Alexander Khinstein, Deputy Chairman of the Parliamentary Committee on Security, has proposed the bill as a set of amendments to the Russian criminal code, which would allow for the employment of prisoners at regional enterprises located far away from federal prisons. The bill would make it possible for any legal entity to employ prisoners. At the moment, Russian law allows for prisoners to work only within their penal colonies.

In order for the prisoners to remain incarcerated at the place of their employment, Khinstein calls for another amendment allowing the “formation of isolated zones which function as penal colony settlements outside the correctional facility, allowing for the labor adaptation of convicts.”

The heads of the Federal Penitentiary Service of Russia support the proposals, yet Federal Penitentiary Service deputy director Analoliy Rudyi says that the correctional facility and the construction site employing prisoners must be located within the same region of Russia. “We are not looking at the possibility of shuttling in prisoners from all over the country,” he said.

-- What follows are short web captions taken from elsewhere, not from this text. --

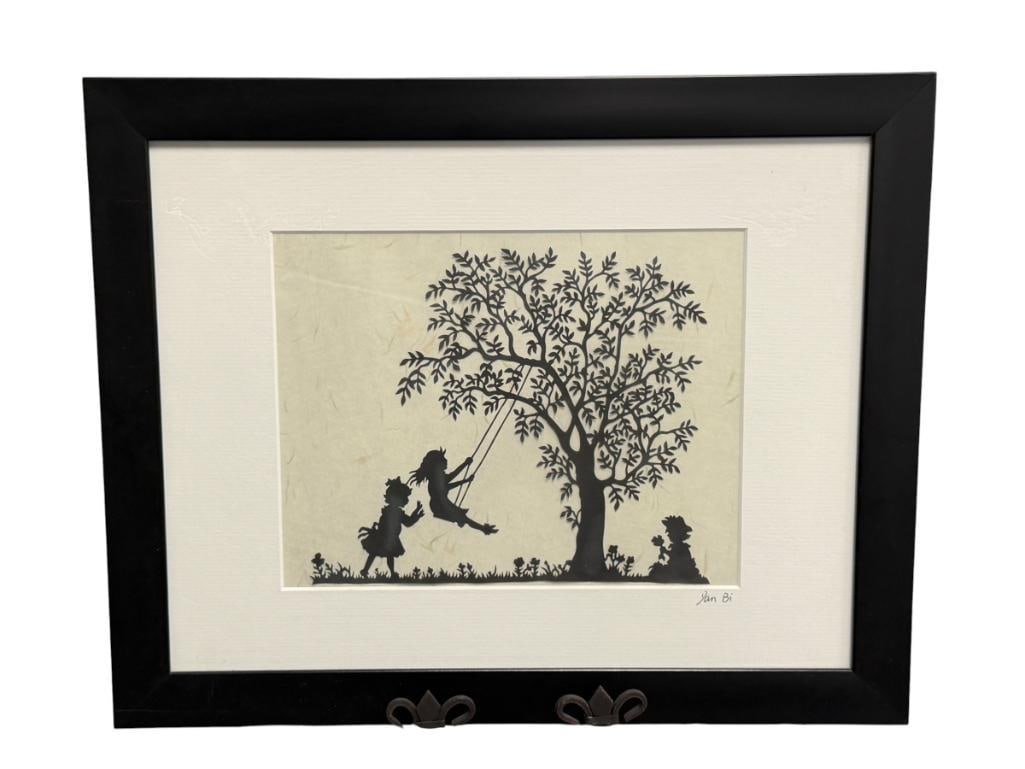 20TH CENTURY CUT WORK / SILHOUETTE SIGNED DAN BI: CUTWORK ILLUSTRATED CHILDREN SWINGING ON A TREE WITH LEAVES AND FLOWERS ON THE GROUND, SIGNED LOWER RIGHT ON THE MATTING, FRAMED 15 3/4" X 12 3/4" FRAME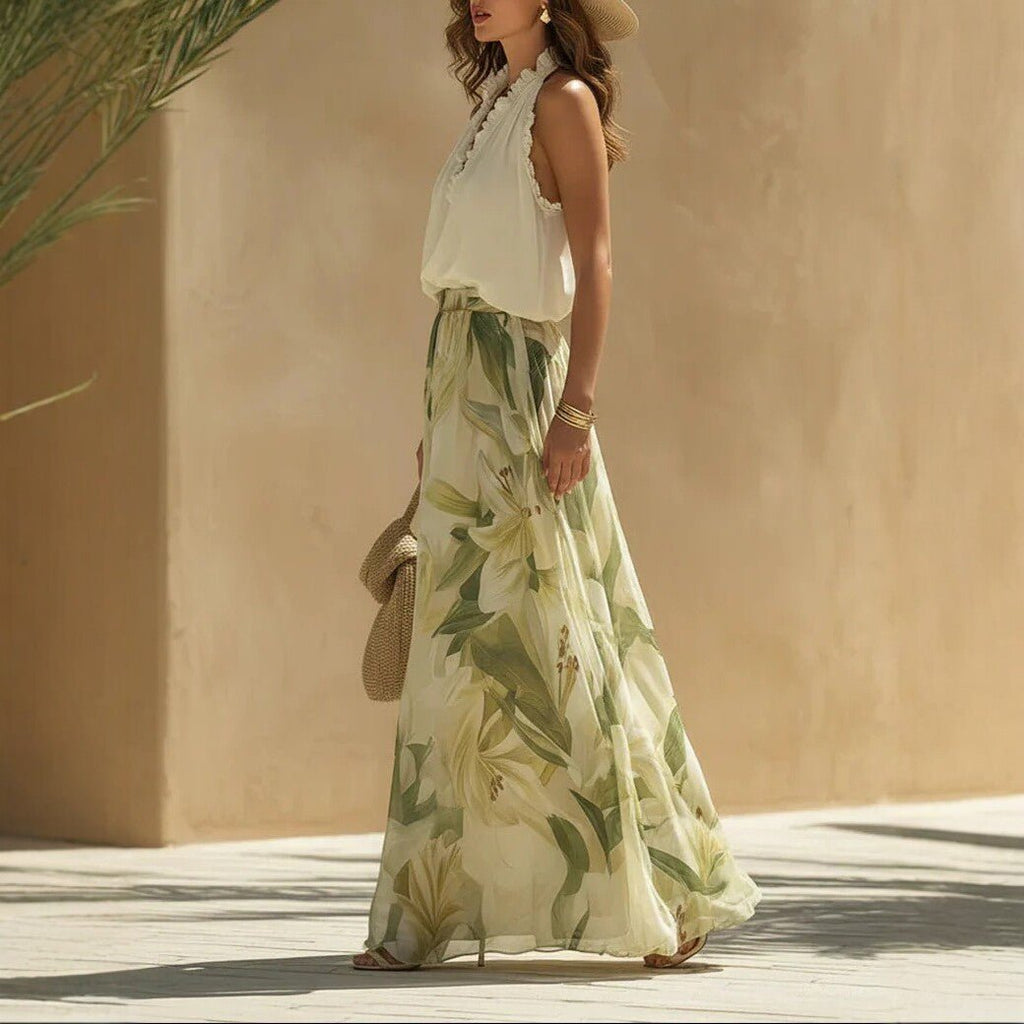 Printed maxi dress by FitiqueFit featuring waist-cinching design, ruffle hem, and vibrant floral print, available in sizes S to 3XL.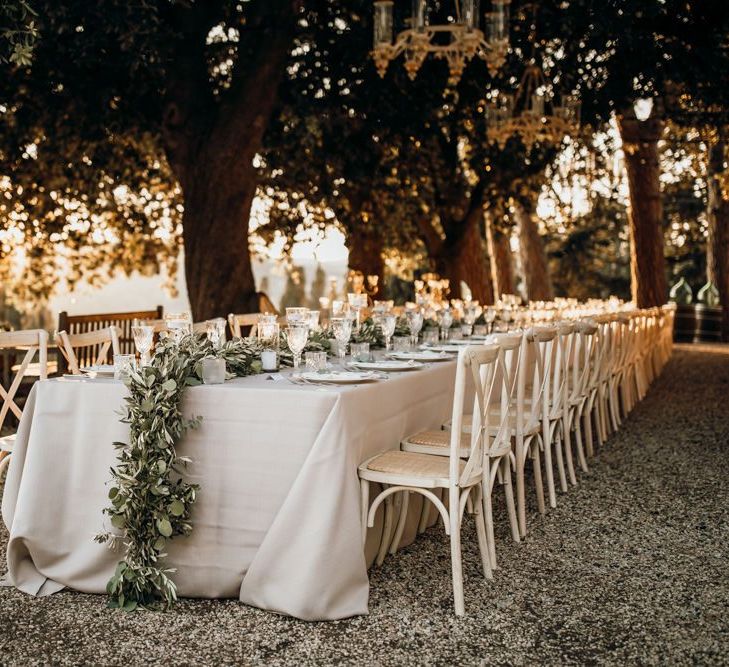 Stunning wedding table set up at Tuscan villa with foliage table runners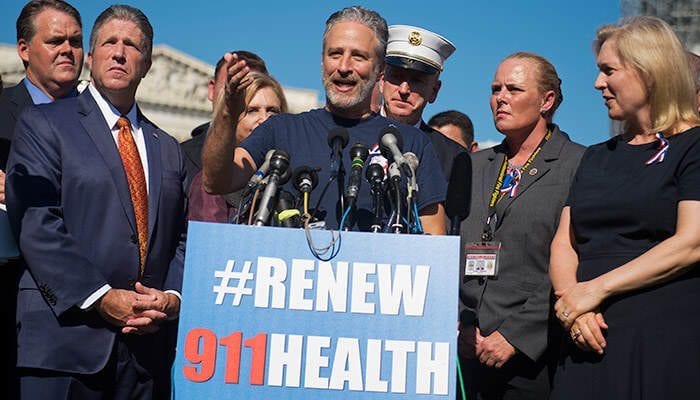 UNITED STATES - SEPTEMBER 16: Jon Stewart attends a rally on the East Front of the Capitol with members of the FDNY to urge Congress to extend healthcare benefits for first responders who suffer from cancer and other ailments as a result of their work at ground zero after the 9/11 attacks, September 16, 2015. Sen. Kirsten Gillibrand, D-N.Y., appears at right. (Photo By Tom Williams/CQ Roll Call) (CQ Roll Call via AP Images)
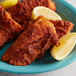 A plate of J.O. Southern Fish Fry fried fish with lemon wedges.
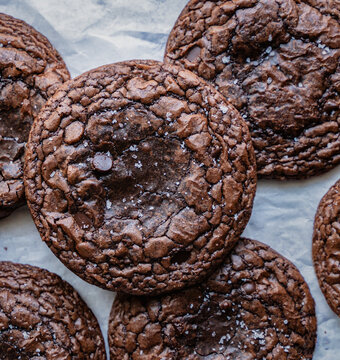 Close up of freshly baked chocolate brownie cookies on parchment.
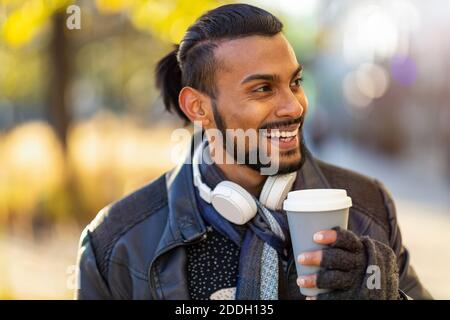Handsome young young man drinking coffee in the street Stock Photo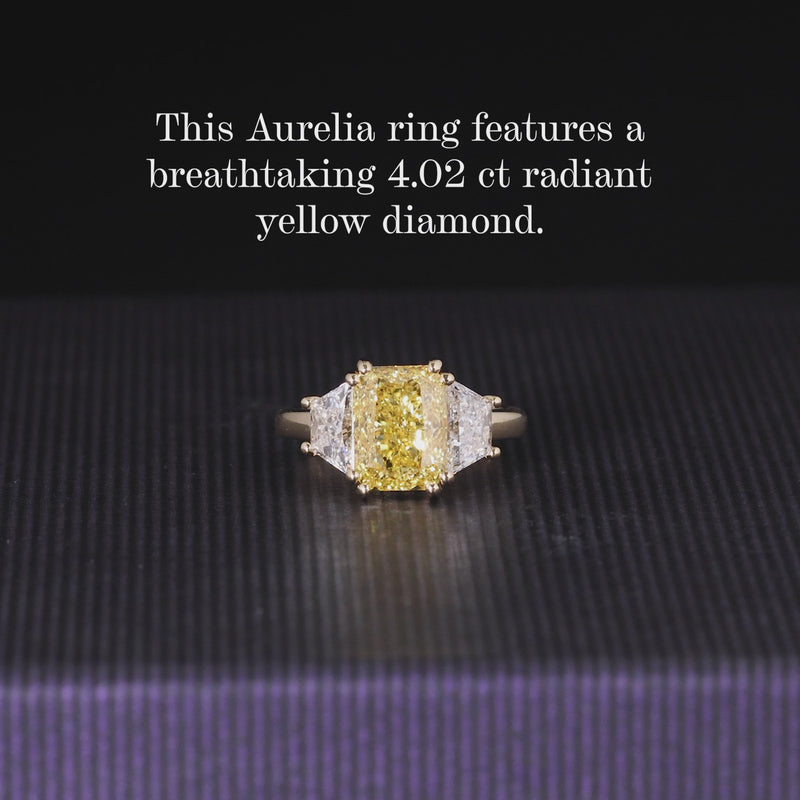 18ct yellow gold Fancy Vivid Yellow radiant LAB Grown diamond engagement ring with trapezoid Lab Grown diamonds 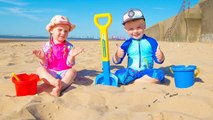 Gaby and Alex playing on the Beach with Sand and other Kids Toys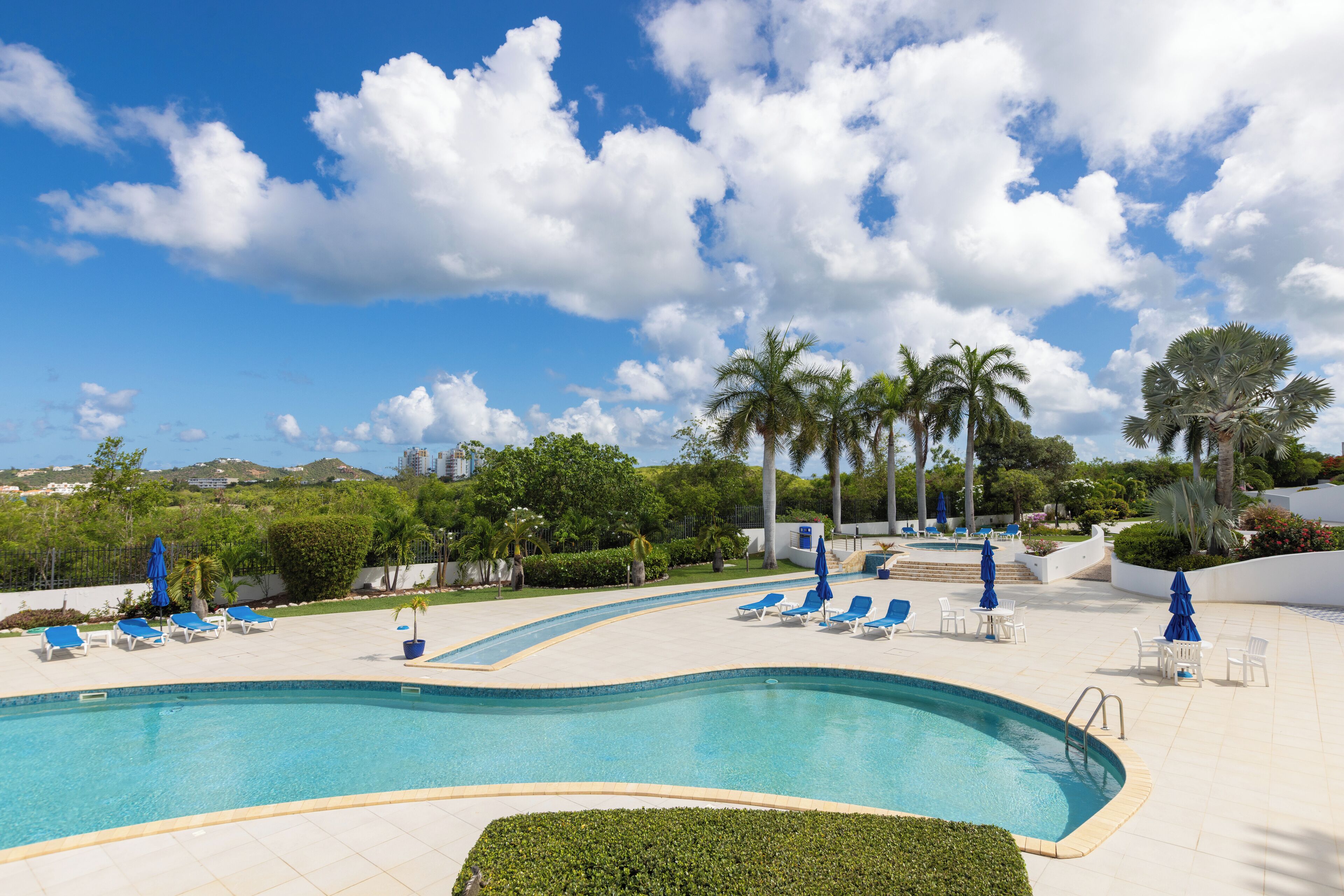 A swimming pool with lounge chairs and umbrellas, surrounded by palm trees and greenery.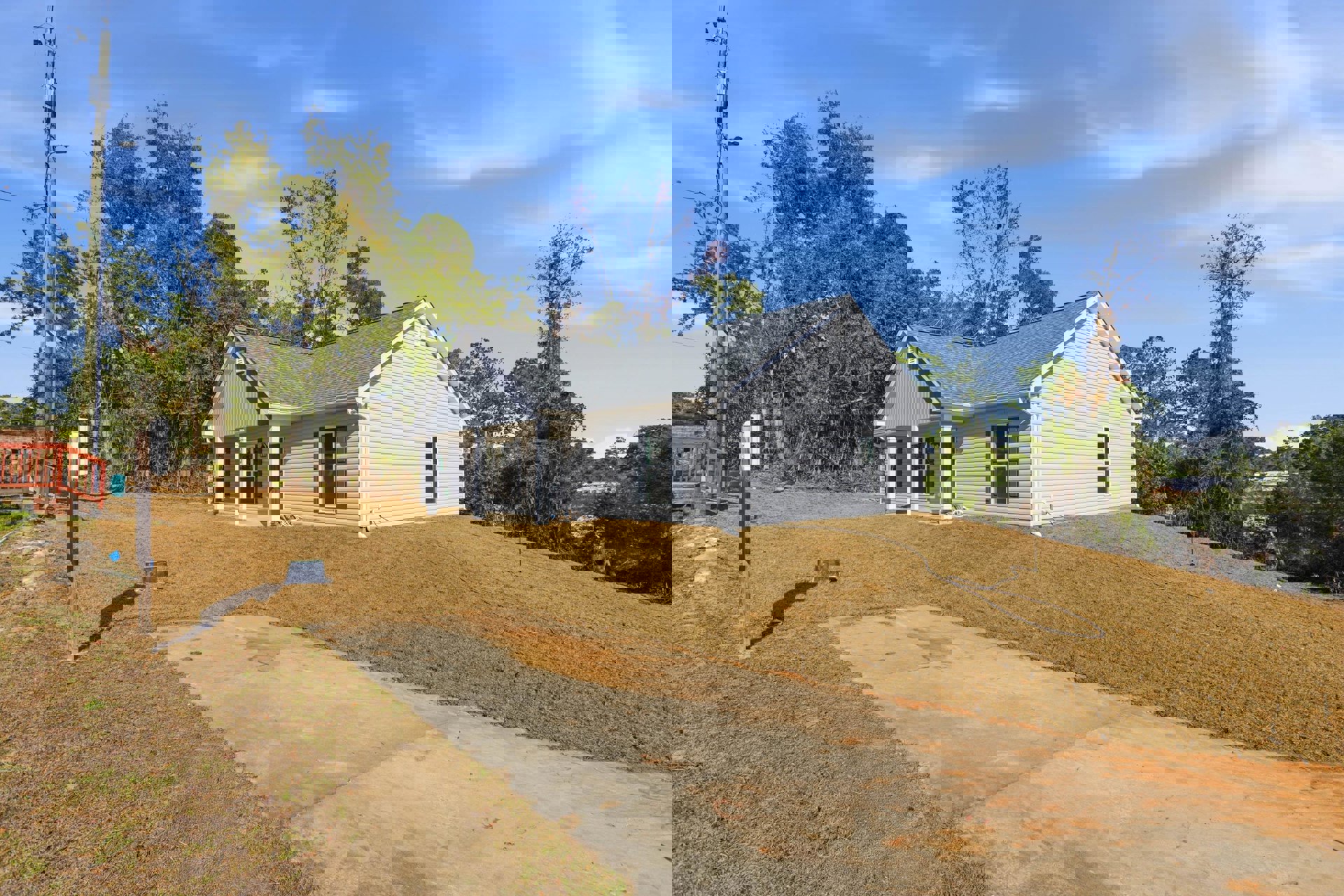 Two-story house with white roof, white-framed windows, wooden railing, driveway, green lawn, and mature trees under partly cloudy sky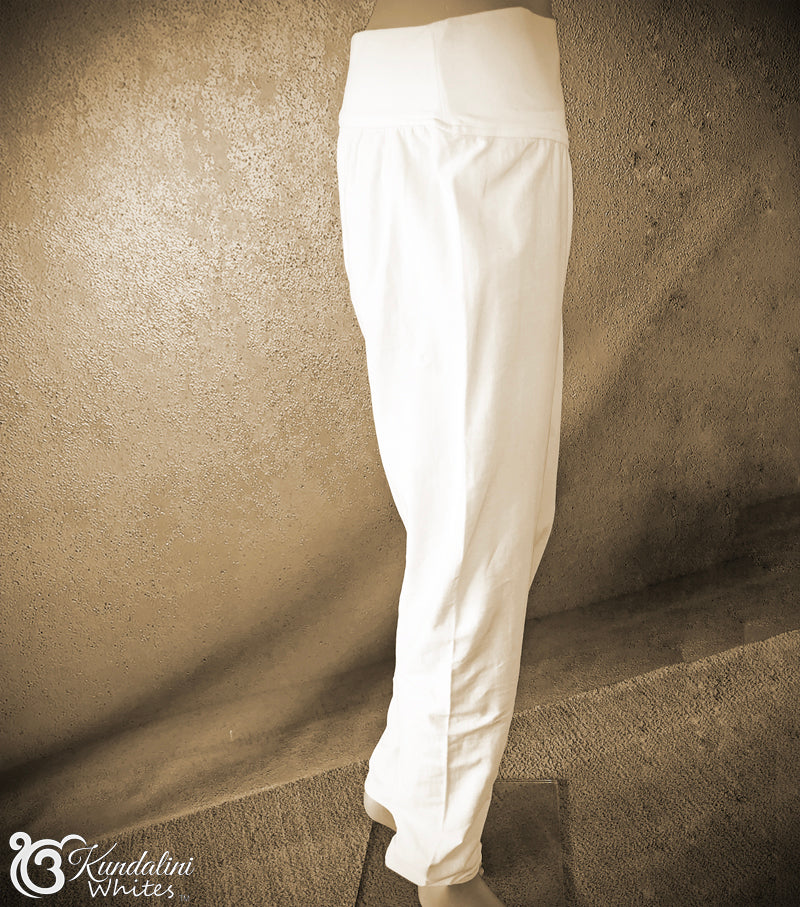 White pants leaning against a textured wall.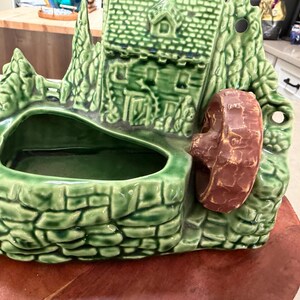 May include: A green ceramic planter shaped like a cottage with a water wheel. The planter has a textured, brick-like base and a dark green interior. The water wheel is a reddish-brown color.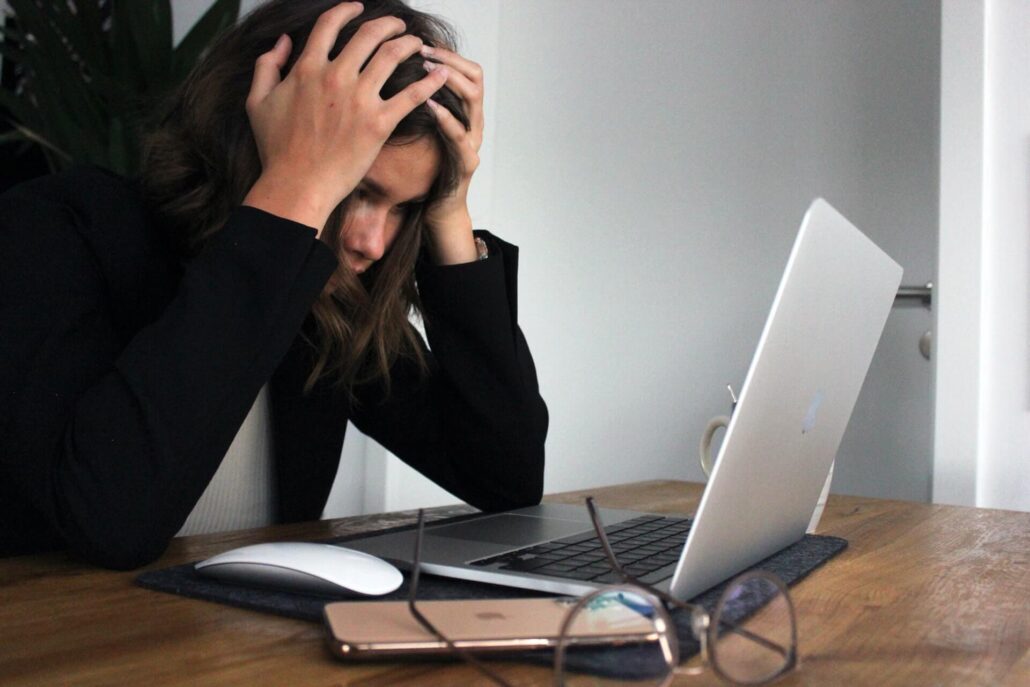 digital marketing strategy is frustrating an employee in front of her laptop and phone at her desk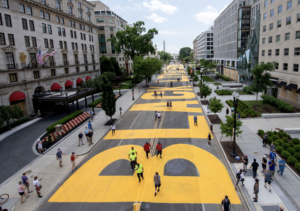 Nestled along a charming two-block pedestrian stretch of 16th Street NW in the heart of Downtown DC, a powerful mural stands as a symbol of solidarity and a call for change. In bold, yellow, and all-cap letters, spanning an impressive 50 feet in height, the mural boldly spells out the words "Black Lives Matter," accompanied by the District flag. This meaningful artwork can be found on the very street officially christened "Black Lives Matter Plaza NW" by Mayor Muriel Bowser, right outside the White House. Accessible to visitors on foot at any time of day, it's a poignant testament to the movement's importance and a must-see attraction in the nation's capital. For those using public transportation, the nearest Metro station, McPherson Square, on the Blue, Orange, and Silver lines, offers convenient access to this powerful display of support and unity.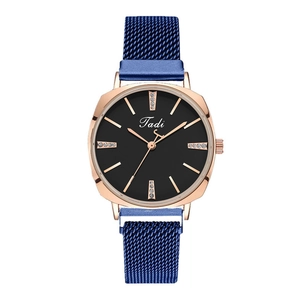 Détails d'une montre en or rose avec cadran noir et bracelet milanais bleu marine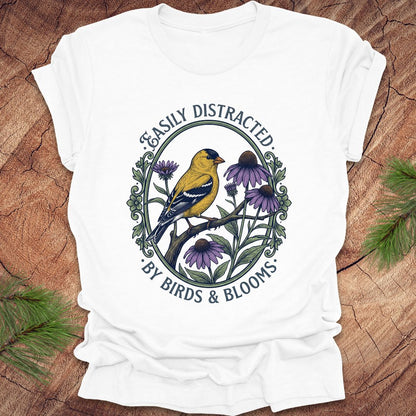 White t-shirt with a bird and floral design on a wooden surface
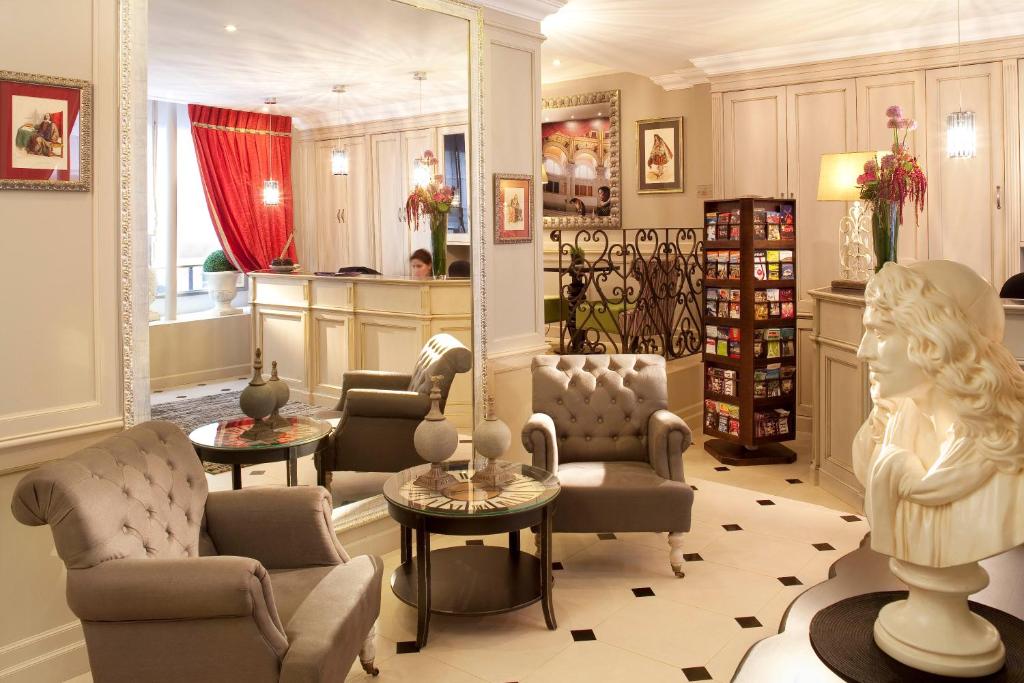 - un salon avec des chaises et un buste dans la chambre dans l'établissement Hôtel des Comédies, à Paris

The new norm applies to prisoners who are serving terms in penal colony settlements and to those who have been convicted to compulsory correctional labor. According to the Federal Penitentiary Service of Russia, there are 39,414 people incarcerated in 128 in penal colony settlements in 2015.

Kommersant

Prisons were a major source of labor in the Soviet Union from the 1930s to the 1950s. Prisoners participated in the construction of almost all large-scale industrial and transportation sites built in that period.

The newspaper Kommersant notes that prison labor is used by private and public enterprises in the USA, Germany, and France, among other countries.

In Russia, the daily revenue of prisoners in penal colony settlements does not exceed 218 rubles ($4.38), and thus the monthly earnings of prisoners are below minimum wage.